Is there even something like true randomness? So a few months ago a research team did the following experiment:
https://journals.aps.org/prl/abstract/10.1103/PhysRevLett.118.060401
They shot lasers at certain detectors trying to detect the spin of the photons and to prove that there is an underlying hidden variable that influences all of these properties, for which quantum entanglement exists. The measurement of the spin depends on the orientation of the detector. To each detector is a telescope attached and pointing to a 600ly distant star. And based on the wavelengths of the photons that hit the telescope, the detector is reoriented.

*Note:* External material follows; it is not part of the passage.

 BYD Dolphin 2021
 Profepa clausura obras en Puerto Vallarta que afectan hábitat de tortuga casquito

So now my question is, is this really random? I mean yes, the photons from the sun were created even before the laser were set up. But since we live all in the same universe, nothing is really COMPLETELY random, just to a certain degree. Isn't bells theorem even a proof that causality doesn't even exist at a certain degree or that true randomness doesn't exist?
 A: Maxim,
In order to understand the motivation behind this experiment a good understanding of the assumptions on which Bell's theorem stands is required. There are two such assumptions:


*

*Locality (there is no instant communication/influence between the particles'source - S and each detector - D1, D2). In other words S does not instantly influence D1 or D2, D1 does not instantly influence D2 or S and D2 does not instantly influence D1 or S. A theory that denies this assumption is a non-local theory. The de Broglie–Bohm interpretation of QM is an example of such theory.

*Independence (the state of D1 and D2, or D1 and S or D2 and S are not correlated as a result of a past common cause). A theory that denies this assumption is a so-called superdeterministic theory. No such theory is currently available in complete form, but 't Hooft's cellular automaton interpretation of QM is a step in this direction.

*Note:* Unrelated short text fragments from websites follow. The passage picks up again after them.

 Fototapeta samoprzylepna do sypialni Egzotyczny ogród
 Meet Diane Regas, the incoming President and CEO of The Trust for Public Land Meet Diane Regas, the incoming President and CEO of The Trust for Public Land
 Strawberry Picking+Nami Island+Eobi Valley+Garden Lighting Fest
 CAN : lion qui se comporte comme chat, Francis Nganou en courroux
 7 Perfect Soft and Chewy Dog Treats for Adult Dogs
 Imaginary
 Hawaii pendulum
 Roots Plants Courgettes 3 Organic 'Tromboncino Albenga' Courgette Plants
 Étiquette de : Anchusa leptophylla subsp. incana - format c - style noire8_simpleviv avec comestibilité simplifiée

The experiment you mention tries to put some limits on superdeterministic theories by pushing the hypothetical common cause 600 years into the past. This is not about randomness per se (S, D1 and D2 could each evolve according to a deterministic process) but about the absence of correlations between the states of these devices.
In my opinion the relevance of such an experiment is minimal. We have experimental proof that such common-cause type correlations apply to the gravitational interaction in the case of galaxies for example (the stars in a galaxy do not move independently - they more or less orbit the galactic center) and there is little reason to assume that the electromagnetic interaction which represents the domain of Bell theorem experiments is more limited in this respect. 

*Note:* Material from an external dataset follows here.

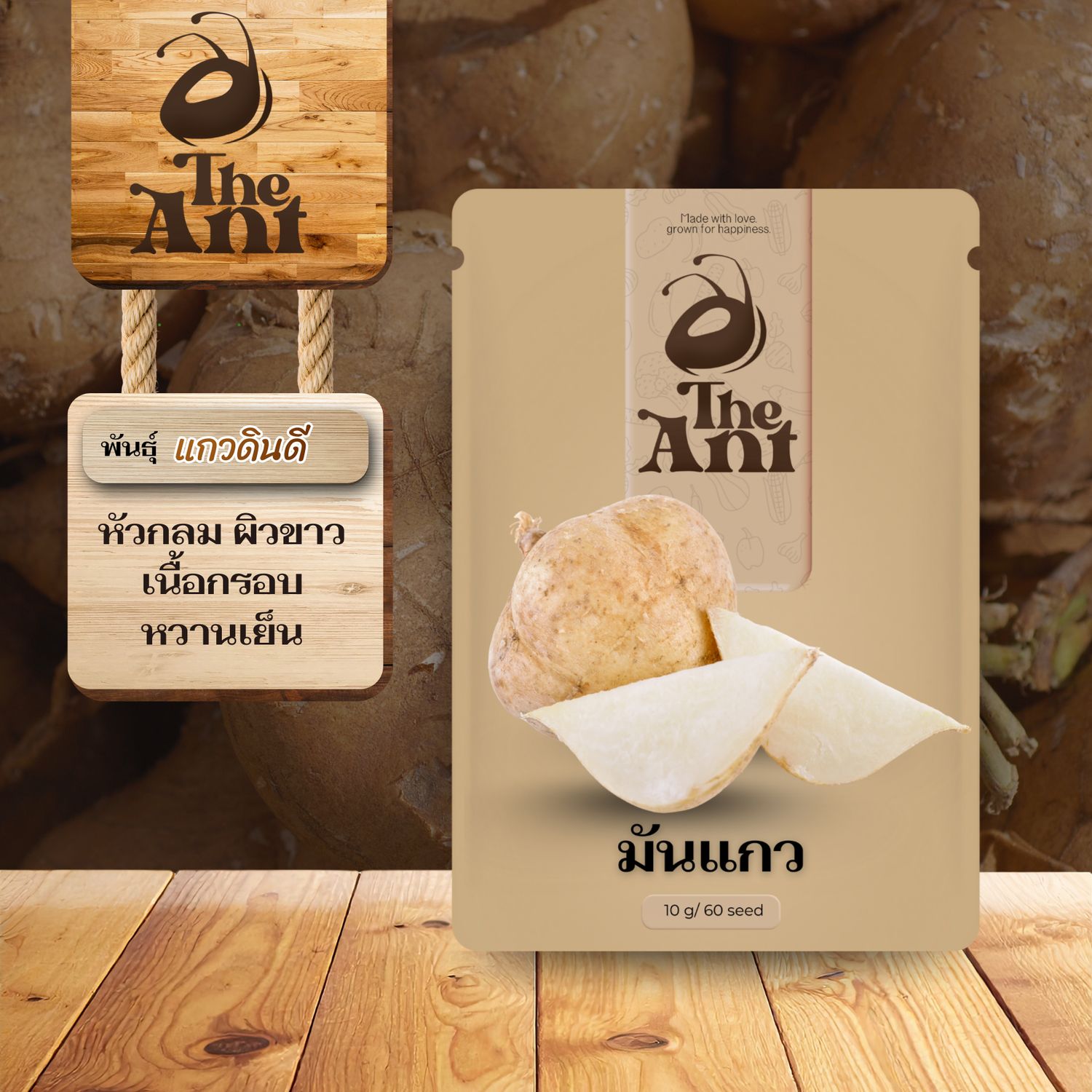 เมล็ดพันธุ์มันแกว แกวดินดี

A: There is no scientific experimental way to prove absence of causality. Because that would result into a paradox.
For example, causality is - you do this (in given conditions) and so and so will happen.
Any experimental proof, by definition has to be repeatable. If causality did not exist, we could not rely on any experiment including the experiment that disproves causality. Because how do we know that the results are caused by what we did, or by randomness. 
Science itself would become vague in that case.
There is causality.
Randomness refers to "our inability" to compute the exactness, which becomes impossible at certain levels, specially at quantum levels.
Even in classical case, we can compute how long it will take for a pool of water to evaporate, but we can not compute which day/time, a specific water molecule will evaporate. The process is too random that it is beyond our computational capabilities.
Then, when we go too close to computations, we need to measure things too closely and that process could change our computations. For example, poking an entangled particles, ends its entanglement.